Breast Cancer Research and Treatment

, Volume 112, Issue 1, pp 123–132 | Cite as

Breast cancer recurrence risk in relation to antidepressant use after diagnosis

  • Jessica ChubakEmail author
  • Diana S. M. Buist
  • Denise M. Boudreau
  • Mary Anne Rossing
  • Thomas Lumley
  • Noel S. Weiss


Background While laboratory data suggest that antidepressants may promote mammary tumor growth, there has been little research investigating whether antidepressant use after breast cancer diagnosis is associated with the risk of breast cancer recurrence. Methods We conducted a retrospective cohort study within Group Health, an integrated healthcare delivery system in Washington state. Women diagnosed with a first primary invasive, stage I, IIA, or IIB, unilateral breast carcinoma between 1990–1994 (aged ≥65 years) and 1996–1999 (aged ≥18 years) were eligible for the study (N = 1306).

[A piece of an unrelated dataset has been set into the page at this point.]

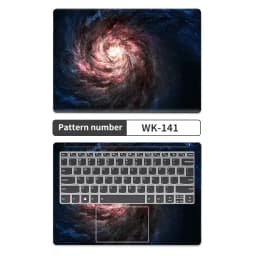 DIY Universal Laptop Cover Sticker Skins 2pcs 13.3"14"15.6"17.3" Skin Starry Sky Decorate Decal for Macbook /Lenovo/Asus/Hp/Acer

Recurrence within 5-year of diagnosis was ascertained by medical chart review. We used the pharmacy database to identify antidepressant dispensings from Group Health pharmacies. We used multiple Cox regression to estimate the hazard ratio for recurrence and breast cancer mortality, comparing users and non-users of antidepressant medications. Results for recurrence were examined separately in users and non-users of tamoxifen. Results We did not observe an association between antidepressant use after breast cancer diagnosis and the risk of recurrence either in general (hazard ratio for any antidepressant use: 0.8; 95% confidence interval: 0.5–1.4) or for specific types of antidepressant medication. Risk of death from breast cancer did not differ between non-users and users of antidepressants. Conclusions The results of this study suggest that women who use antidepressants after breast cancer diagnosis do not have an increased risk of recurrence or mortality.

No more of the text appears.